■ THE PROBLEM ■
Exclude the images, then return every line below exactly as written.

[Dataset entries]
* * *

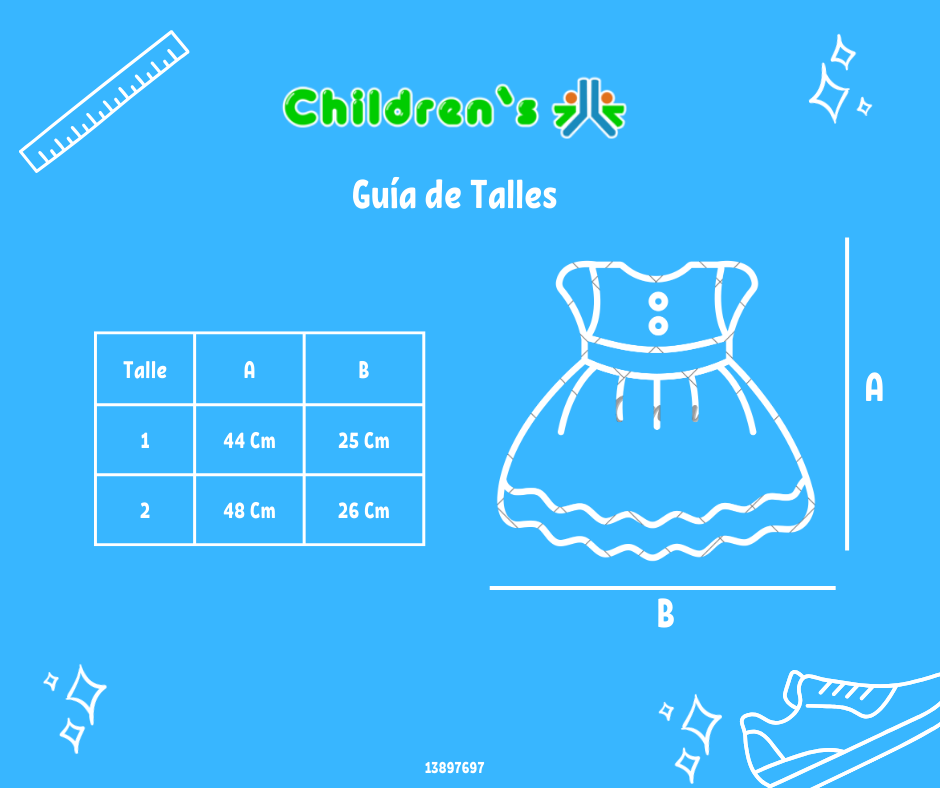 Guia de talles Vestido de Bautismo Manga Larga  de gasa facetada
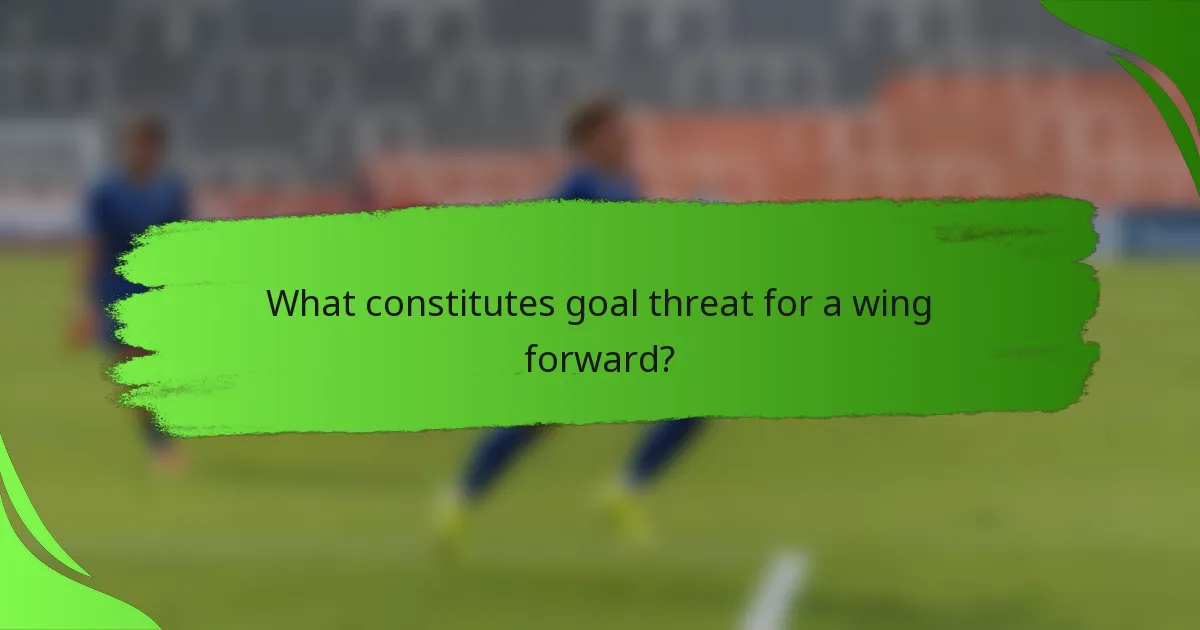 What constitutes goal threat for a wing forward?
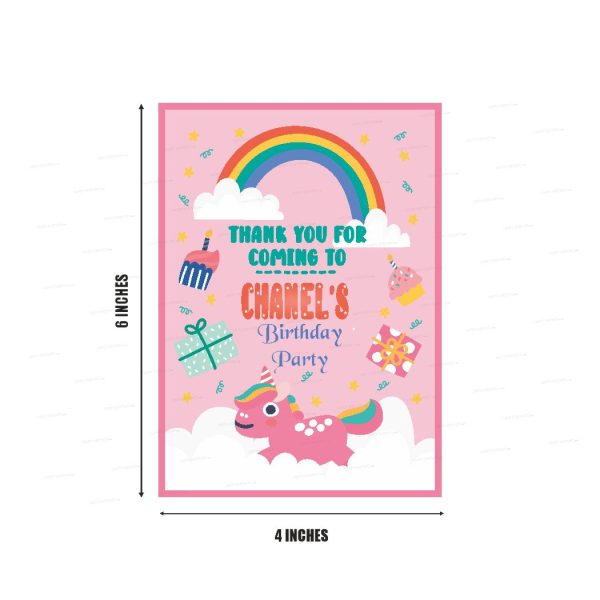 Unicorn Theme Thank You Card Online now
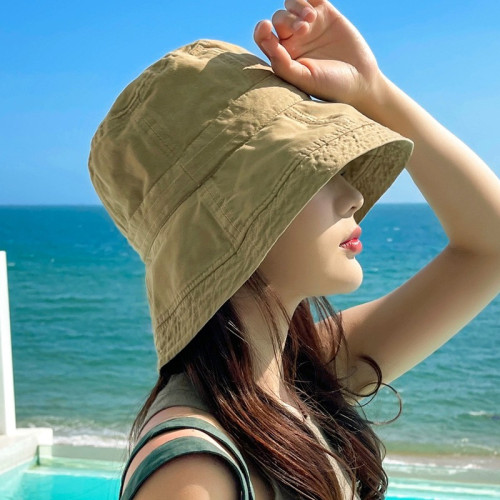 做旧洋气遮阳帽太阳帽夏天可折叠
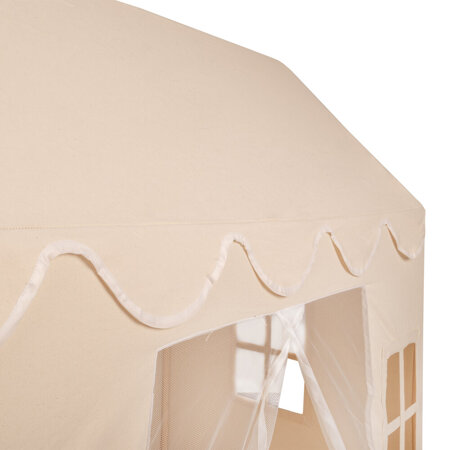 KiddyMoon Playhouse For Kids Foldable Tent Child's Play Cotton Fabric Easy To Assemble Indoor And Outdoor Use With Windows And Doors Encourages Creative Play Compact Storage, natural: pastel beige/salmon/white, 300 Balls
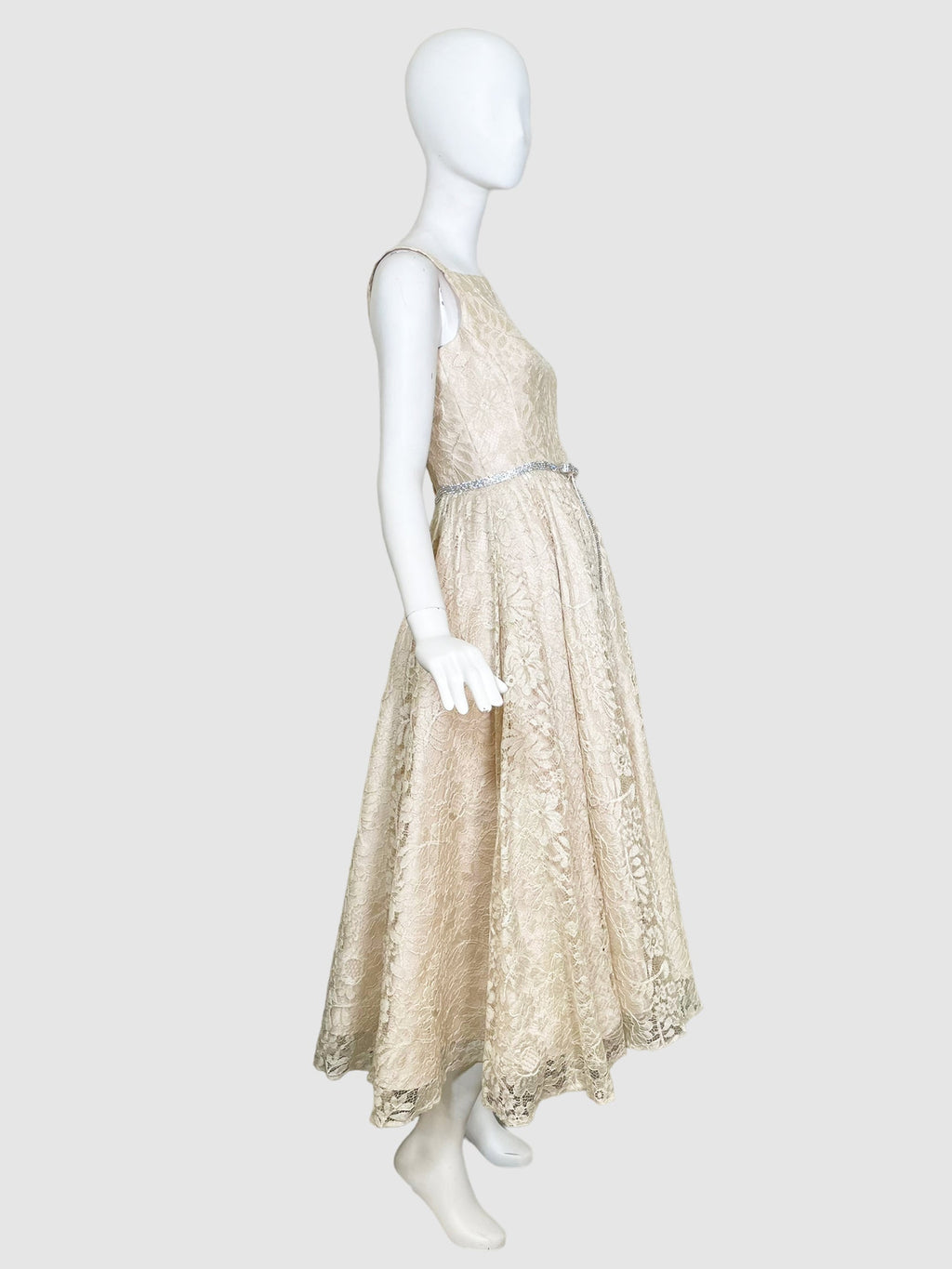 Lace Maxi Dress with Sequin Bow - Size 40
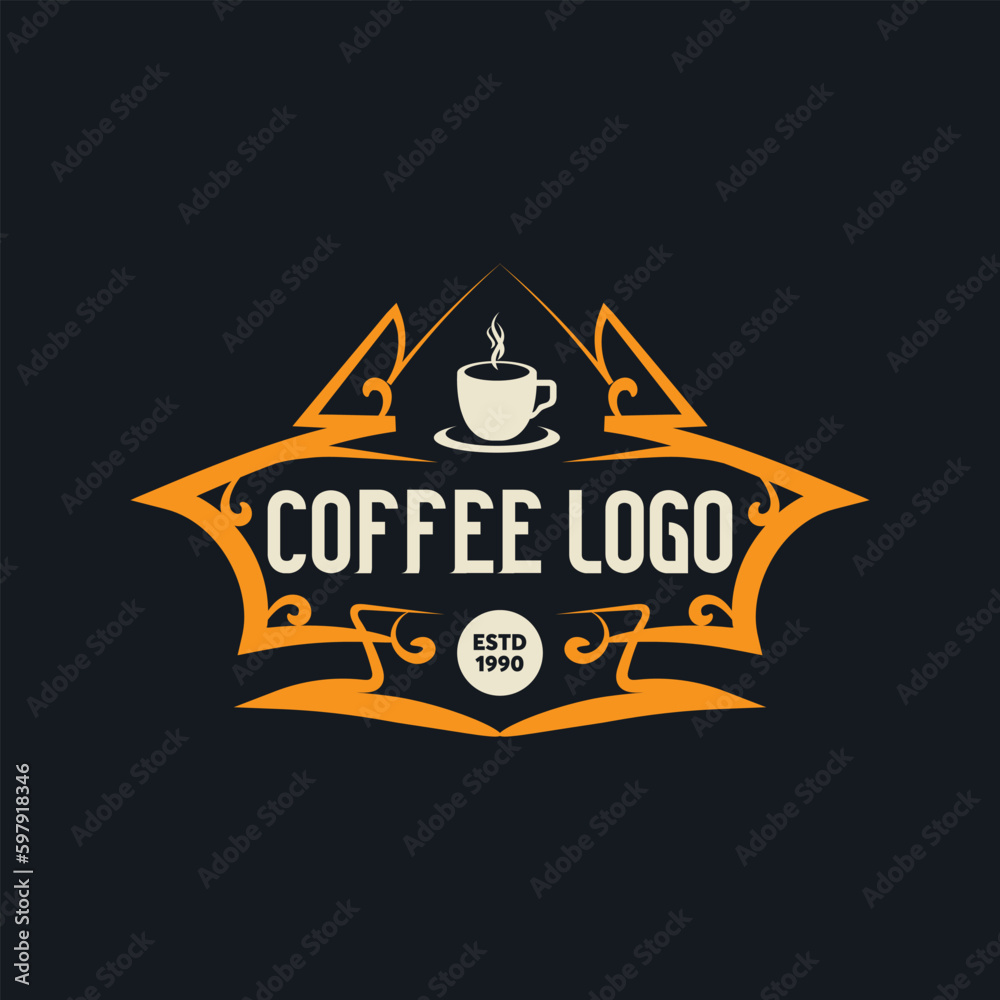 Coffee Shop Logo, Badge and Label Design Element. Cup, beans, cafe ...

* * *

■ RESULT OF THIS EXERCISE ■
 Guia de talles Vestido de Bautismo Manga Larga  de gasa facetada
 What constitutes goal threat for a wing forward?
 Unicorn Theme Thank You Card Online now
 做旧洋气遮阳帽太阳帽夏天可折叠
 KiddyMoon Playhouse For Kids Foldable Tent Child's Play Cotton Fabric Easy To Assemble Indoor And Outdoor Use With Windows And Doors Encourages Creative Play Compact Storage, natural: pastel beige/salmon/white, 300 Balls
 Lace Maxi Dress with Sequin Bow - Size 40
 Coffee Shop Logo, Badge and Label Design Element. Cup, beans, cafe ...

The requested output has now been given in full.